Almost overnight the Office of Education launched a movement to make major changes in the nation's social studies curriculum by funding a variety of social studies projects which included: 1) the Carnegie-Mellon Social Studies Project, 2) the University of Minnesota Project Social Studies, 3) the Anthropology Curriculum Study Project, 4) Basic Concepts in History and Social Sciences, 5) the Committee on the Study of History, 6) the Developmental Economic Education Program, 7) Development of Economic Curricular Materials for Secondary Schools, 8) ECON 12, 9) the High School Geography Project, 10) Sociological Resources for secondary Schools, 11) the Harvard Social Studies Project, 12) Asian Studies Inquiry Project, 13) Project Africa, and 14) the North Central Association Foreign Relations Project (Dumas and Guenther, 1971). Eventual more than 50 projects were develop, to either integrate social studies for the purpose of citizenship education, or to teach history and social sciences as ends in themselves.
During the 1960s, new materials and projects were developed focusing on controversial issues, inquiry-based assessment, and student-led decision making. The Harvard Social Studies Project was one of the most popular curriculum projects to come out of the new social studies. Developed to teach high school students of average ability to clarify and justify their positions on public issues, the project used historical, fictional, and contemporary situations as illustrations of basic social and value conflicts.

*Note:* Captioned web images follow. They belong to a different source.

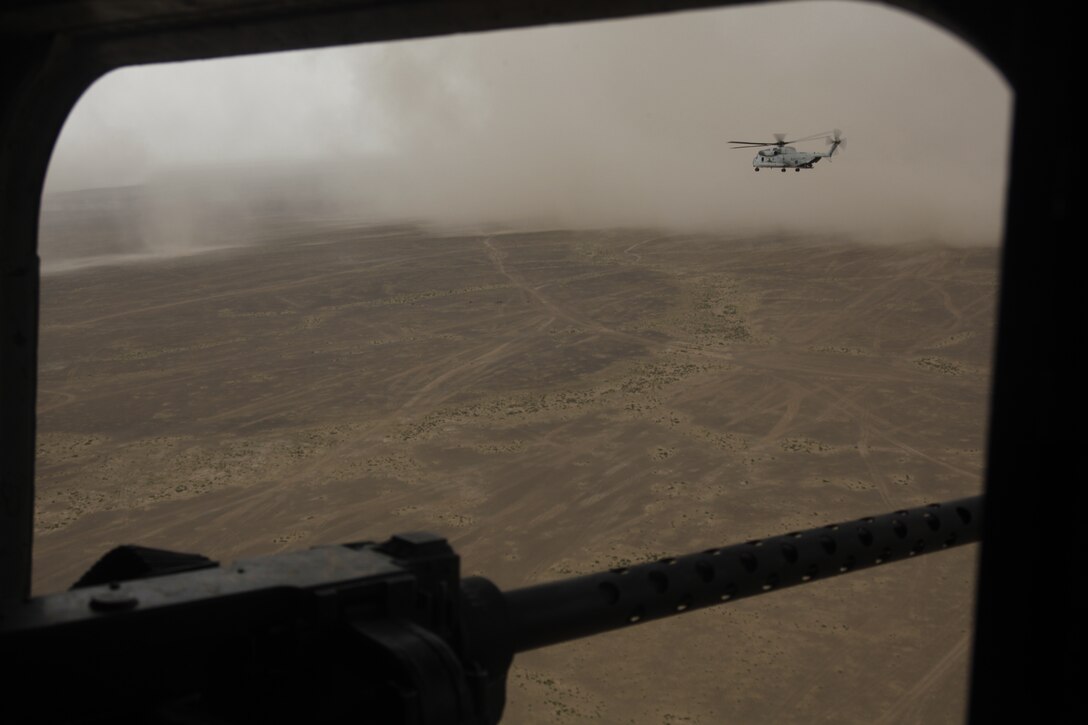 A sandstorm moves in while CH-53D Sea Stallions from Marine Heavy Helicopter Squadron 463 return from an aerial interdiction mission, in southwestern Afghanistan, May 4. Marine Heavy Helicopter Squadron 463 supplied two CH-53D Sea Stallions to support Marines from RCT-1 while they performed searches of vehicles traveling near Afghanistan’s southwestern border with Pakistan.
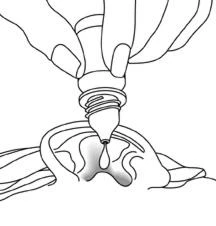 A hand squeezing an eye dropper bottle to release a drop of liquid directly onto the surface of an open eye
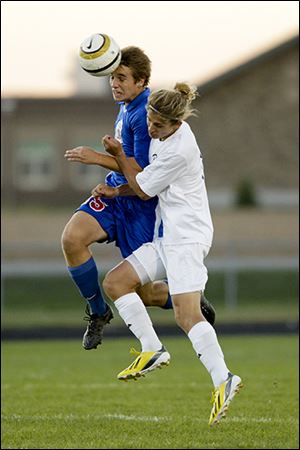 St. Francis de Sales senior Josh Albright, left, heads the ball in front of Northview’s Cole Gonia. St. Francis is 7-1-2.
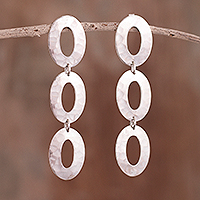 Sterling silver dangle earrings, 'Oval Dimension' - Hammered Oval Sterling Silver Dangle Earrings from Peru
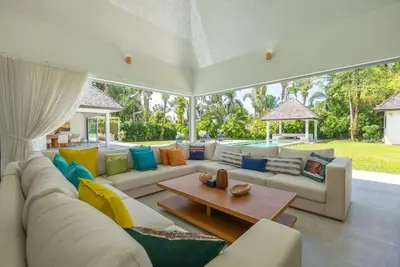 a large living room with a couch and a table at Top Pool Villa Layan Estate Laguna Bangtao in Layan Beach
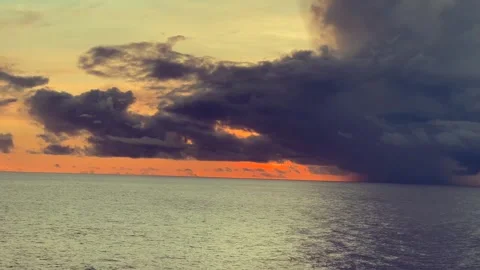 Dramatic cloud formation over calm ocean at sunset with orange and purple h.. Stock Footage 338280334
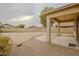 Spacious backyard with covered patio and desert landscaping at 17427 W Rock Wren Ct, Goodyear, AZ 85338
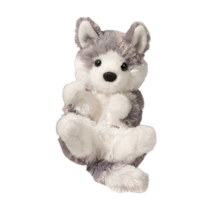 A cute plush husky all curled up.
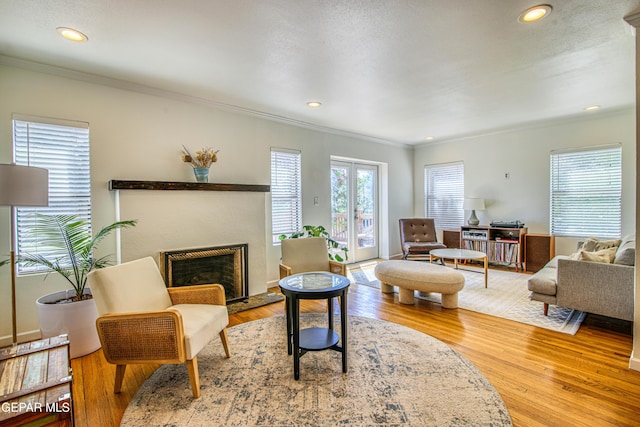 living area featuring crown molding, wood finished floors, recessed lighting, and a fireplace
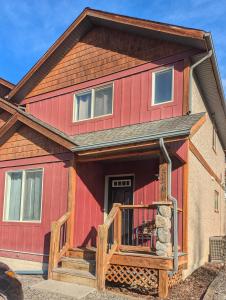 a red house with a wooden porch and a deck at Bright 3 bed 3 bath House in Radium Hot Springs in Radium Hot Springs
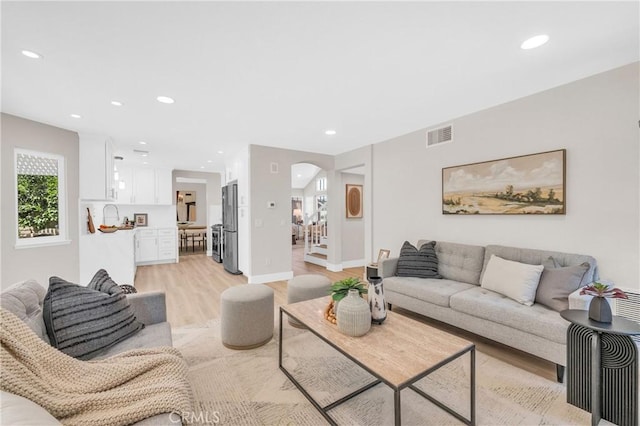 21212 Valleyview Dr, Walnut, CA 91789 - living room featuring light wood-style floors, recessed lighting, and arched walkways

Analyzing Public Issues: Clarification through Discussion was one of many approaches used throughout the project.
According to Oliver and Newmann (1969) clarification through discussion can be divided into three basic elements: 1) the analysis of public controversy in terms of prescriptive, descriptive, and analytical issues, 2) the use of distinct strategies for justification and clarification, and 3) a systematic attention to the discussion process as one deals with controversial issues.
Today, the discussion method is one of several teaching strategies used by social studies teachers as a means of learning. Unfortunately, many teachers often neglect this method of instruction due to the lack of control and comfort in students openly discussing and debating issues. Rather, teachers tend to use only one teaching style day after day, which denies the opportunity of a variety of teaching techniques (Siler, 1998).

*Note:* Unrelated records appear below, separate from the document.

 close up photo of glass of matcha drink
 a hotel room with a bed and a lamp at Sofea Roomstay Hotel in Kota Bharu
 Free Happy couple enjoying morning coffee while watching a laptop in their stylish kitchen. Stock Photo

The use of discussion, particularly clarification and analyzes through discussion can be used to teach students of average ability to clarify and justify their opinions on public issues, literature and historical events. Hess (2001) suggested that teaching with discussion and allowing student feedback means improving students' ability to think. Furthermore, teaching with discussion enables students to develop an understanding of the issues, enhance critical thinking skills, and improve student's interpersonal skills.
Harwood and Hahn (1990) allude that analyzing controversial topics is prevalent to the social studies for three reasons. First, analyzing controversial issues through discussion helps prepare students for future roles as citizens in a pluralistic society. Second, discussion and analyzes of potential controversial public issues helps in the development of critical thinking skills, and third, analyzing public issues to improve the interpersonal skills among students.
Building on previous research, the researchers interviewed public school teachers who attended workshops dealing with teaching controversial issues methods to gain an answer to the following research question: How do the methods in clarification through discussion differ, if any, from other inquiry methods used in your classroom? In answering this research question, teachers were interviewed to gather information on the following related questions; a) In your opinion, what are some of the potential uses of the clarification through discussion technique in your classroom? b) Do you believe the clarification through discussion technique is student friendly when addressing controversial topics and issues?
Method / Sample Selection
The participants were selected from a mid-western college summer seminar designed to provide practicing teachers in-service points for continuing education. Teachers were taught several techniques used in Analyzing Public Issues: Clarification through Discussion to include the following: 1) the analysis of public issues in terms of prescriptive, descriptive, and analytical issues, 2) the use of distinct strategies for justification and clarification on one's views on such issues, and 3) the systematic attention to the discussion process as one deals with a controversial issue (Oliver and Newmann, 1969, p.4).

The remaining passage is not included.